• **Task**: Set each line of the material below down word for word, from the first through the line that holds "chimchiri (🔞Art @ Patreon) tweet media", but not the pictures.
# # #
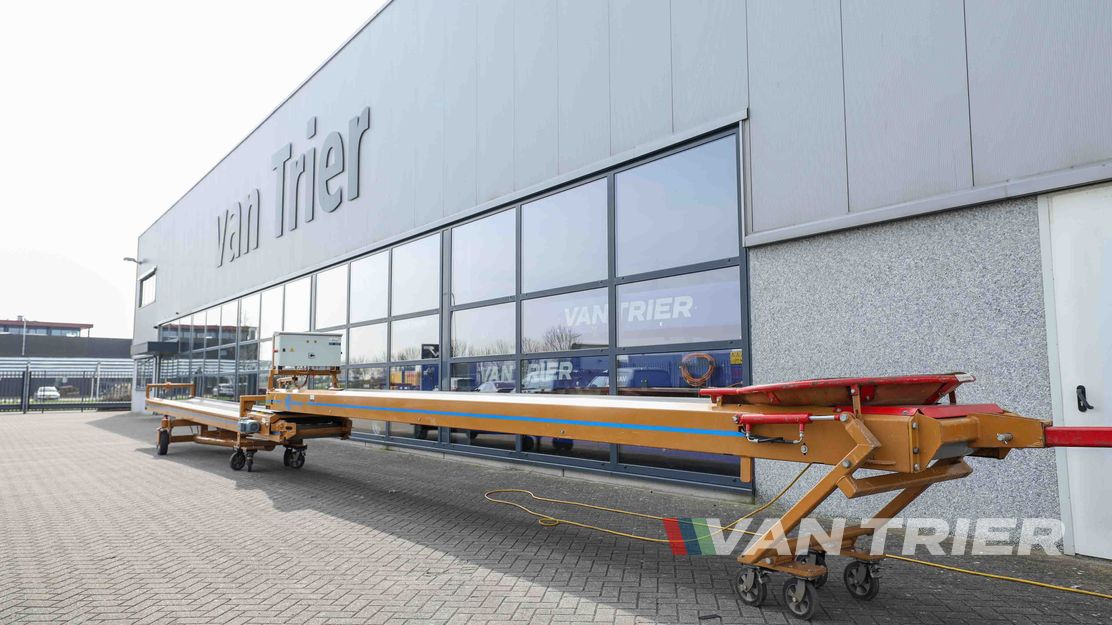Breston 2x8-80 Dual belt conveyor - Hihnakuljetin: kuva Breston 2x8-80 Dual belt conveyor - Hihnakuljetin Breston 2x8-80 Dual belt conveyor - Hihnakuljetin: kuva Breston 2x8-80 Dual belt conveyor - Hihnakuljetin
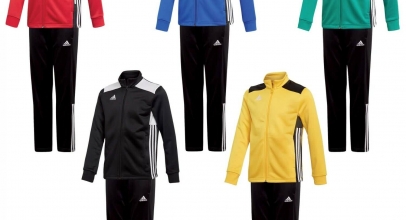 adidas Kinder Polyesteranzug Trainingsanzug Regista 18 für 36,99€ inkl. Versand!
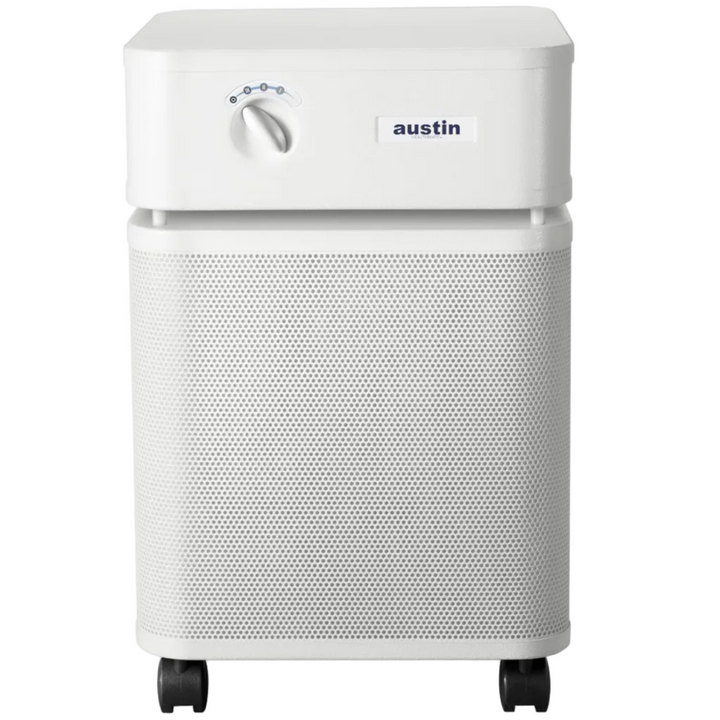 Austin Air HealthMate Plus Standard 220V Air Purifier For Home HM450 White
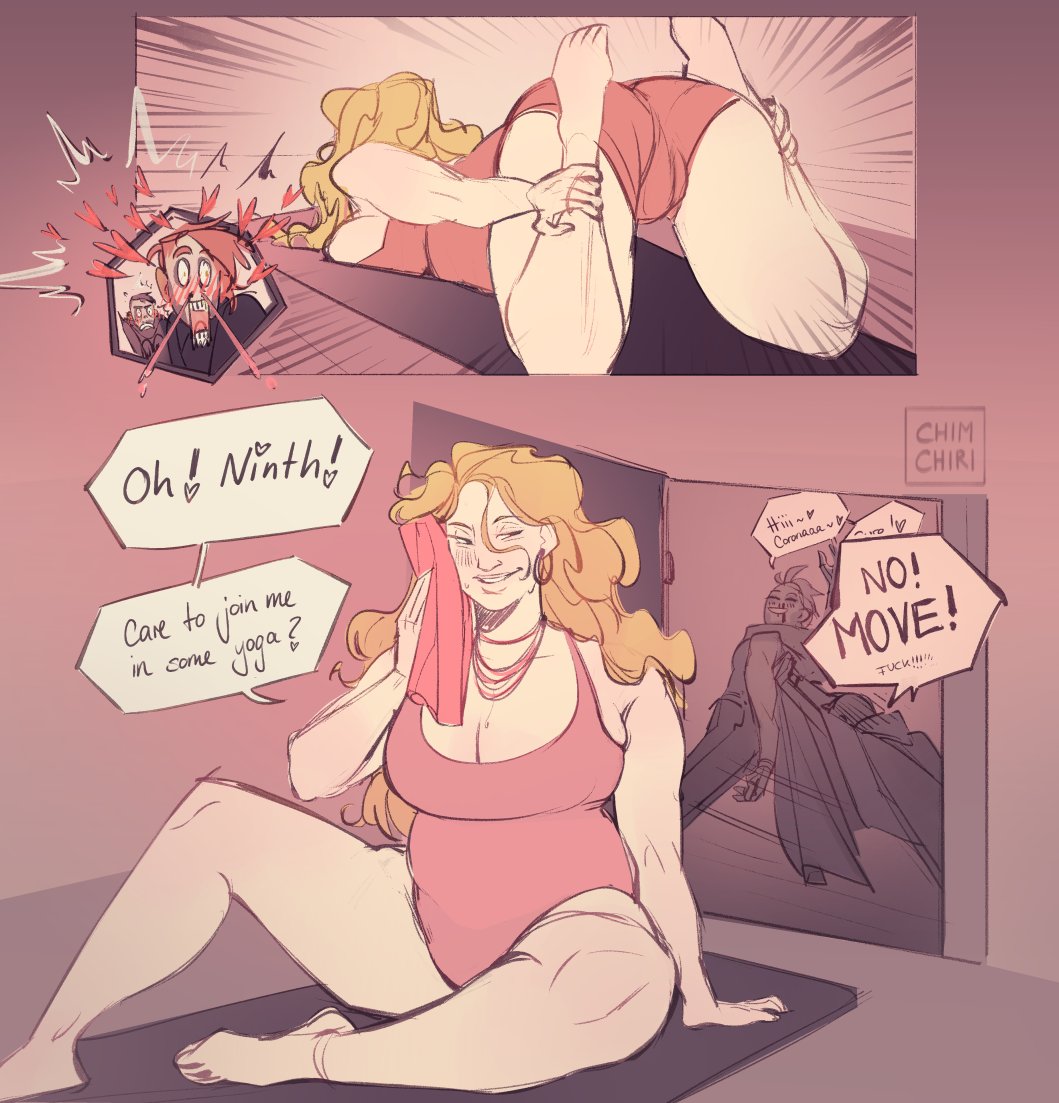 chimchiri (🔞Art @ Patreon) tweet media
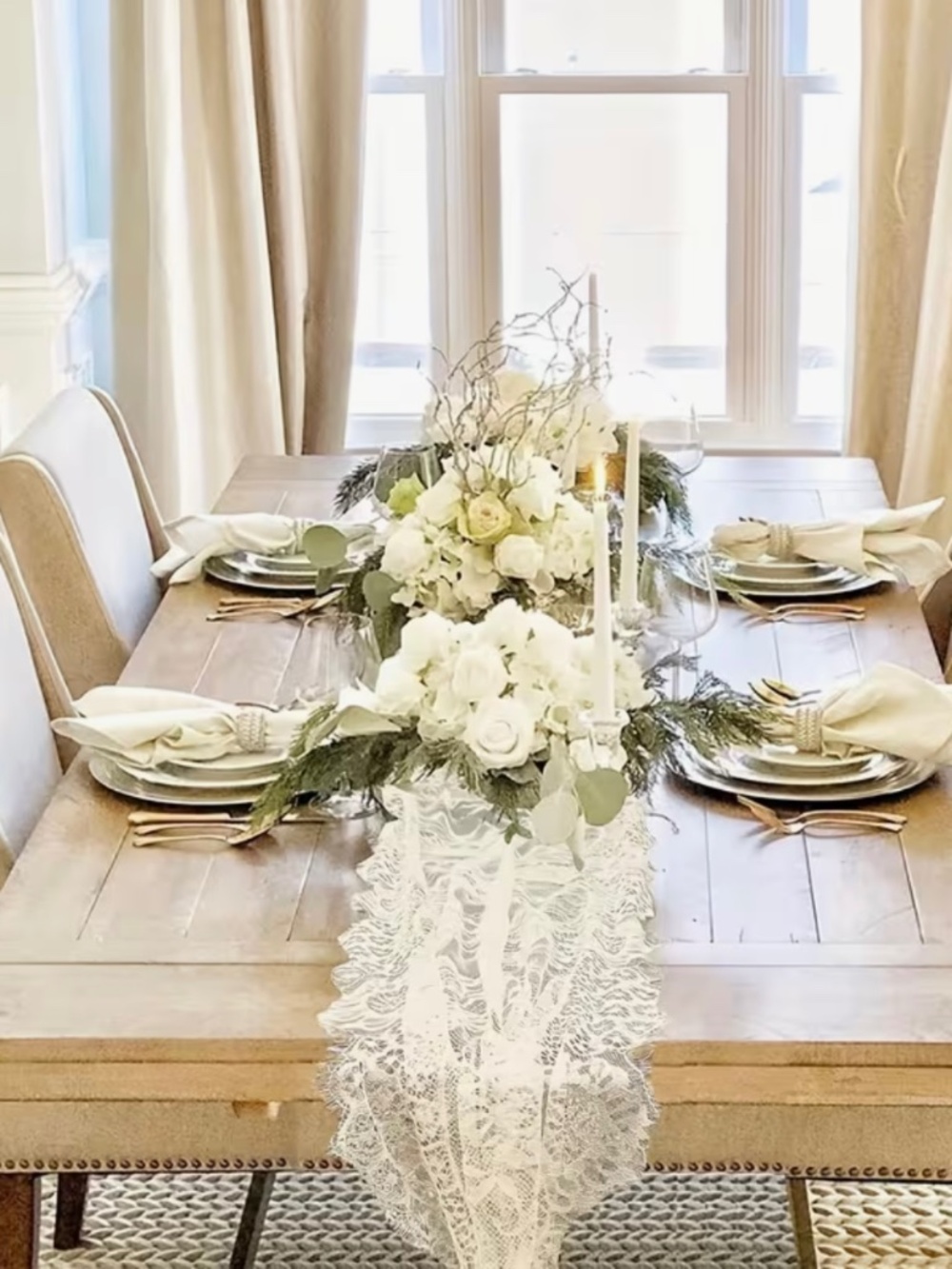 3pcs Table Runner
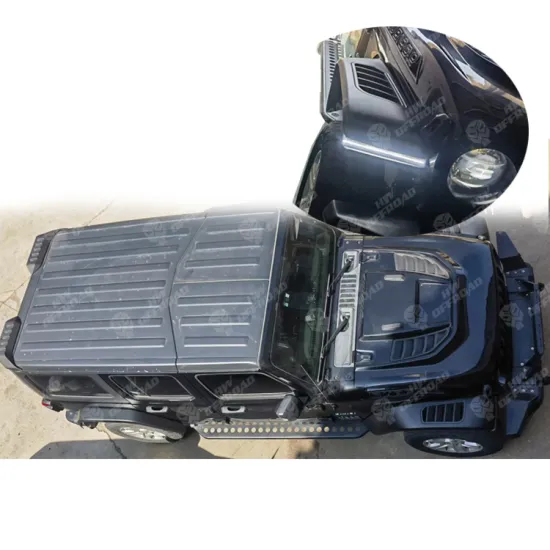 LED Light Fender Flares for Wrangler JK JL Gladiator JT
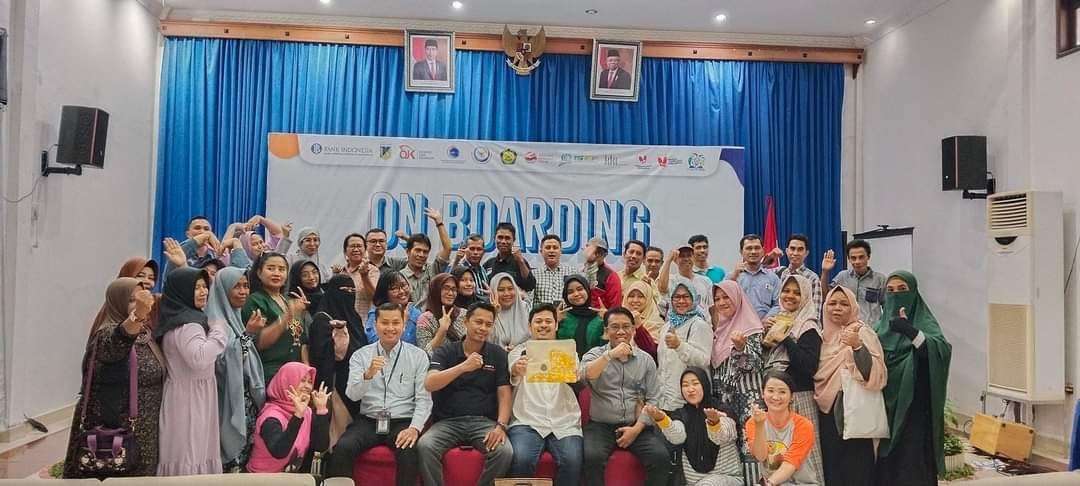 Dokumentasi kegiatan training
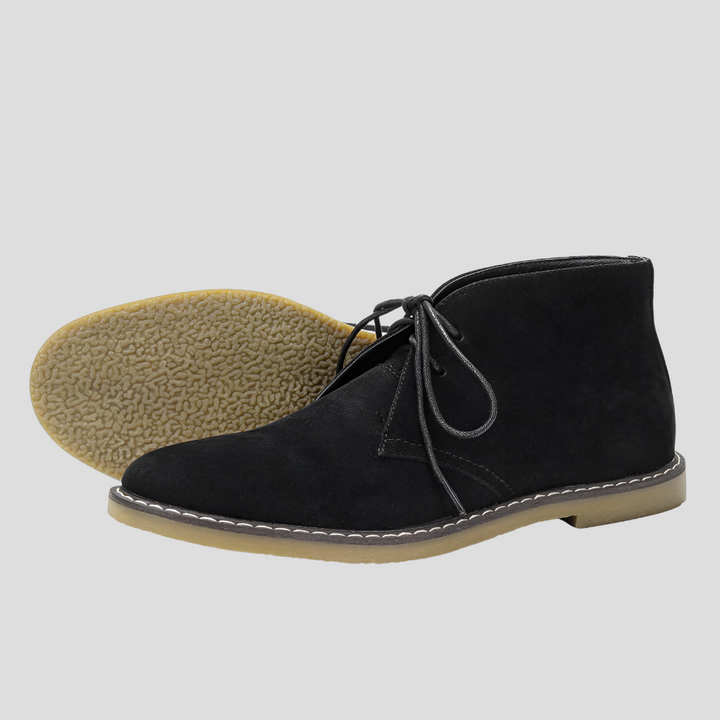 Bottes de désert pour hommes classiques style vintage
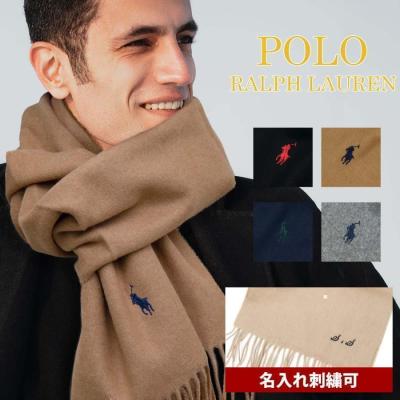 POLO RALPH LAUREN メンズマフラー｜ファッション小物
# # #
• **Answer to this problem**:
Breston 2x8-80 Dual belt conveyor - Hihnakuljetin: kuva Breston 2x8-80 Dual belt conveyor - Hihnakuljetin Breston 2x8-80 Dual belt conveyor - Hihnakuljetin: kuva Breston 2x8-80 Dual belt conveyor - Hihnakuljetin
 adidas Kinder Polyesteranzug Trainingsanzug Regista 18 für 36,99€ inkl. Versand!
 Austin Air HealthMate Plus Standard 220V Air Purifier For Home HM450 White
 chimchiri (🔞Art @ Patreon) tweet media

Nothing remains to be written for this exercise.